Олег сидит за столом, курит. Приспособил для пепельницы одно из фарфоровых блюдец из бабушкиного сервиза, который всегда стоит у нас на столе. У меня. Теперь, только у меня.

– Олег… – я понимаю, что должна, наверно, что-то сказать, как-то поблагодарить… Но что сказать и как благодарить, в голову не приходит. Поэтому я произношу самое банальное, – может, чай?

– Было бы неплохо, Шипучка, – он смотрит на меня, немного прищурившись, и очень в этот момент напоминает себя прежнего, того, что был на кладбище, а потом в машине, когда до дома вез. Опасного, хищного зверя. С ним хочется быть осторожней. Не делать резких движений, не говорить лишних слов.

– Ххх… Хорошо… – я торопливо отступаю назад, уберегаясь от этого взгляда, – я … Сейчас.

Иду на кухню, наливаю чайник, ставлю на плиту. Открываю холодильник, прикидывая, что можно было бы предложить к чаю.

И опять не слышу – чувствую его за своей спиной.
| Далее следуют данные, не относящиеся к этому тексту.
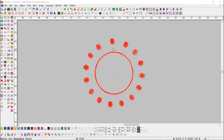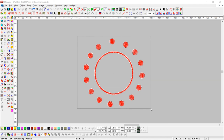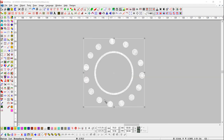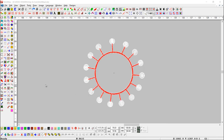To connect this circle to the object with satin stitch, we will select all the objects and press the Connect Object button.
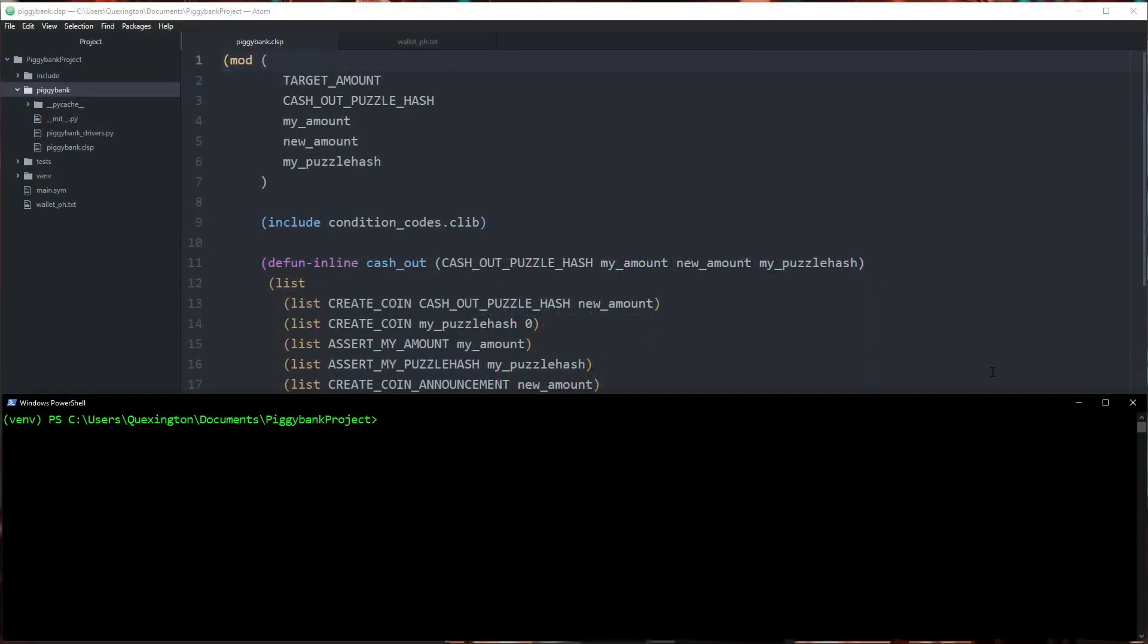Hey everyone! Welcome to the 8th video in the series in which we examine the lifecycle of building and deploying a ChiaLisp smartcoin.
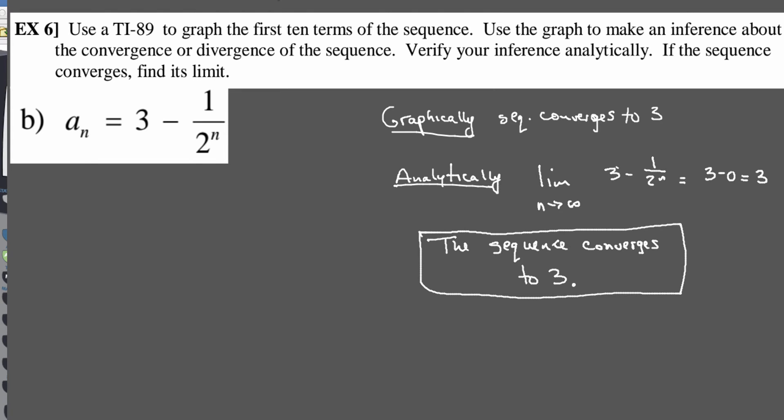Graphically, it looks like the sequence is going to converge to 3. Analytically, when we use the limit process as n goes to infinity of our sequence, you end up with 3 minus 1 over 2 to the n — that blows up and goes to zero. So 3 minus zero is 3. That tells us the sequence is going to converge to 3.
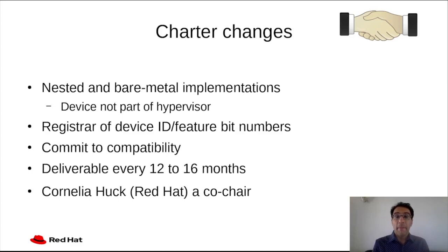First of all, the Virtio Technical Committee made some changes to the Charter. One of the changes has to do with the scope of the Virtio specification, which originally was designed to only cover the interface between the driver, which is part of the guest running in a virtual machine, and device, which is part of the hypervisor on which it runs. Nowadays, there are multiple implementations which look differently.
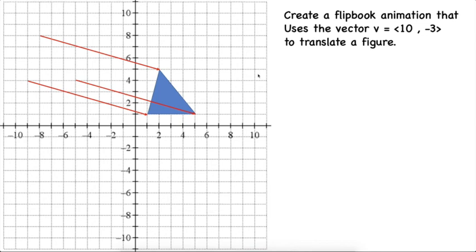So follow along with the video. Replicate what I did. You can do this with your own shape. If you have a quadrilateral, you should have four vectors instead of three. If you have a pentagon, you should have five vectors. And it just shows the translation from start to end.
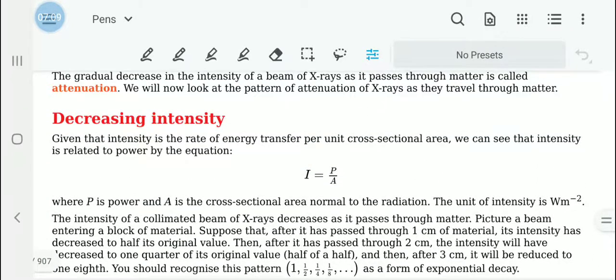Now let's look at what is meant by decreasing intensity. The intensity is the rate of energy transfer per unit cross-sectional area. We can relate it to the power equation: I equals P over A, where P is the power and A is the cross-sectional area normal to the radiation. The intensity I — this is not current, remember — has the unit of watts per meter squared.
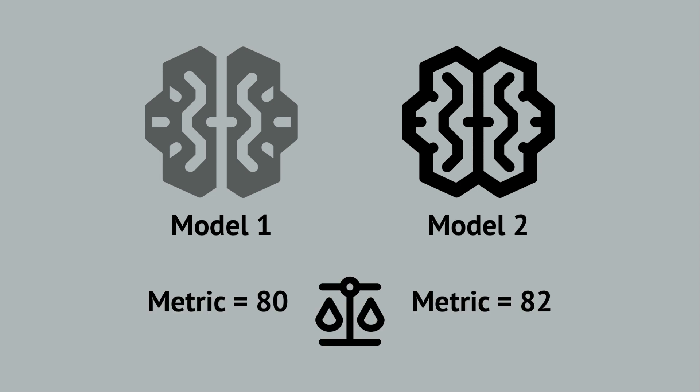The simplest way is to compute automatic metrics. So you use BLEU, COMET, or some other metric and get a score of let's say 80 for the first model and 82 for the second model.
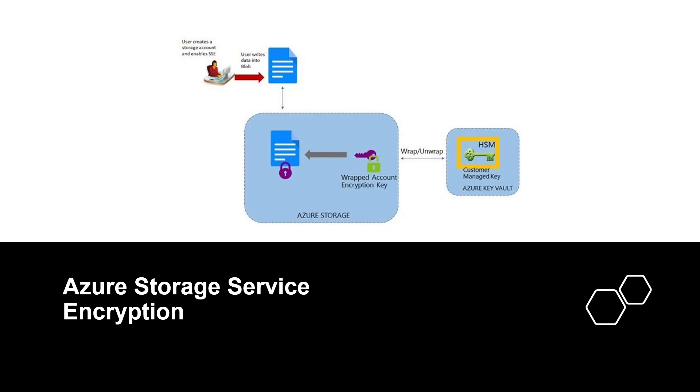Storage Service Encryption uses 256-bit AES encryption, which is one of the strongest block ciphers available in the world. AES handles encryption, decryption, and key management transparently.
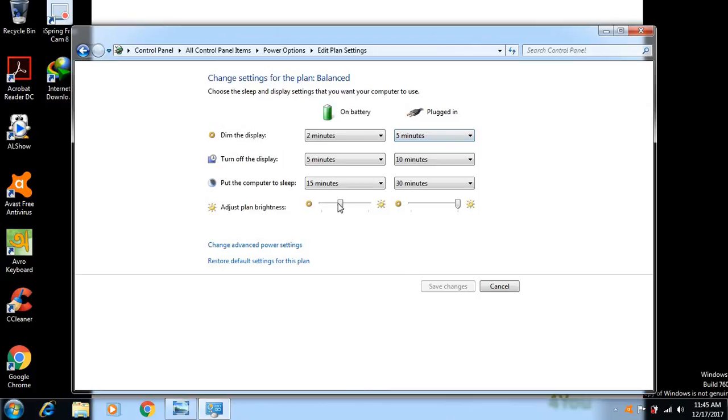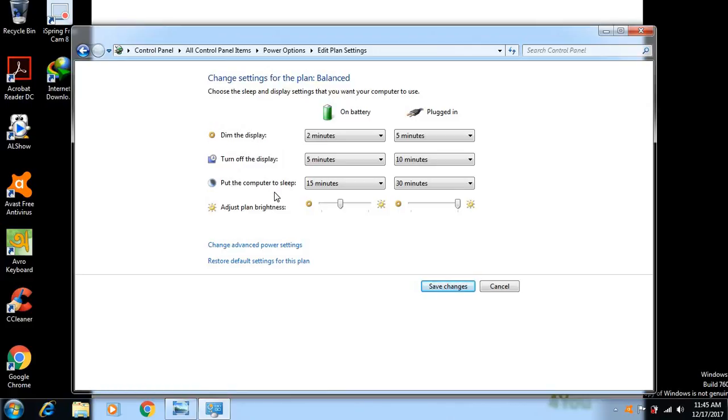There are some other options like display time and turning off the display, or the computer's sleep mode time after some time. Whatever you want, you can customize it.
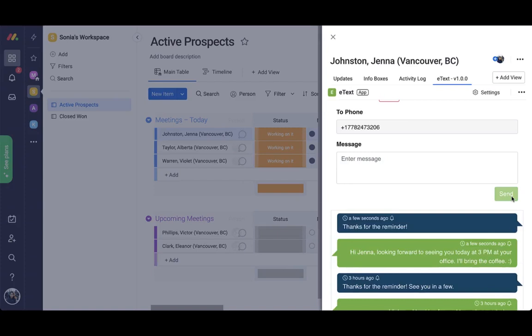And there's the text from Jenna and she's going to see us in a few. You can use this app to remind your contacts of appointments or upcoming webinars, or even share sales and marketing promos.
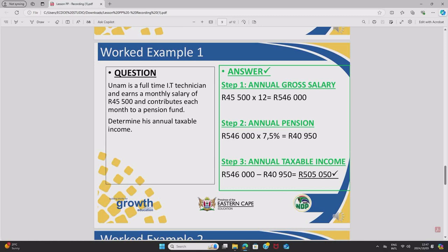Let's get into our first worked example. Question one: Unam is a full-time IT technician and earns a monthly salary of R45,500 and contributes each month to a pension fund. Determine his annual taxable income. Step one — calculating annual gross income: to convert monthly to annual, multiply by 12. So R45,500 × 12 = R546,000. His annual earnings are R546,000.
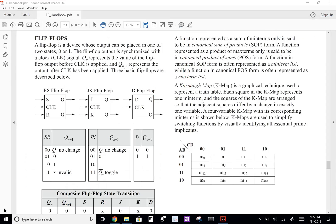When the read-write input is high, we are writing to the SR latch. When it is low, we are reading a stored value. The SR latch can save information, so looking at the SR latch truth table from the FE handbook: when S is 0 and R is 1, the output is 0 (reset). When S is 1 and R is 0, the output is 1 (set).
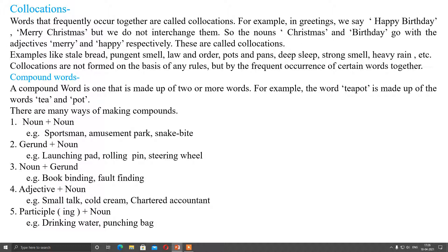Compound words can be made up using different patterns. First is noun plus noun, for example sportsman. Second is gerund plus noun, for example launching pad. Third is noun plus gerund, for example bookbinding. Fourth is adjective plus noun, for example small talk or cold ice cream. And last is participle plus noun, for example drinking water or punching bag.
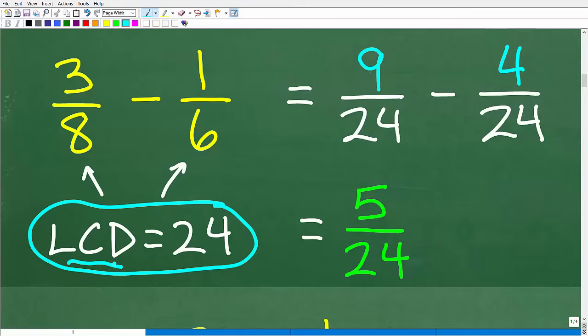A lot of students look at fractions and arithmetic and say, yeah, I know that stuff — give me the algebra. But you've got to really master the basics before you can do well in algebra. If you don't know how to find the LCD, I teach this in my algebra course. If you want a basic review of fractions, check out my Math Foundations course — you can find a link in the description. I also have a ton of additional videos on my YouTube channel.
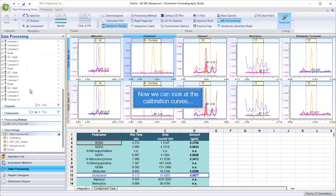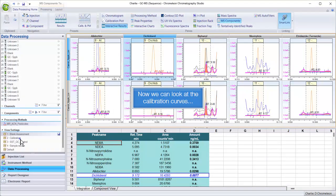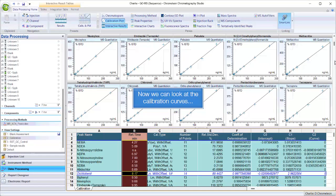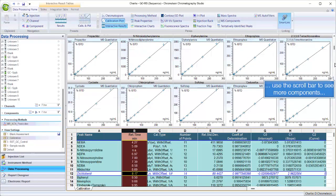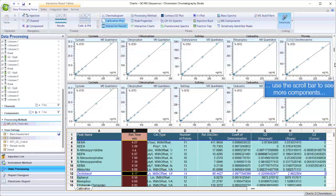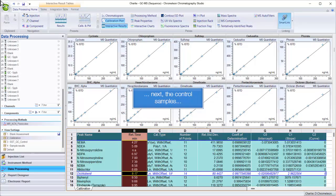Now we can look at the calibration curves. Use the scroll bar to see more components. Next, the control samples.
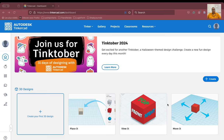Namaskar, my name is Sudhashir Ghosh and welcome back to my channel. I am covering Autodesk Tinkercad and we are going to create another circuit today where we will try to regulate the speed of a motor using a potentiometer.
Замираю, зацепившись пальцами за дверцу холодильника, сердце бьется так сильно, так больно.

Мне не страшно, нет.

Я в ужасе.

Я не понимаю, что со мной происходит.

Я его боюсь, конечно, боюсь. Хотя, вроде бы, и нечего бояться. Он только добро для меня делает. Цветы, вон, принес… От смерти спас… Он меня не обидит же? Нет?

Но вот все равно, тело дрожит. И зубы начинают постукивать. А потом я понимаю, что тело-то дрожит не от страха… А от чего? Чего мне надо? И ему?

Все вопросы исчезают из головы, находят свои ответы, когда он ко мне прикасается.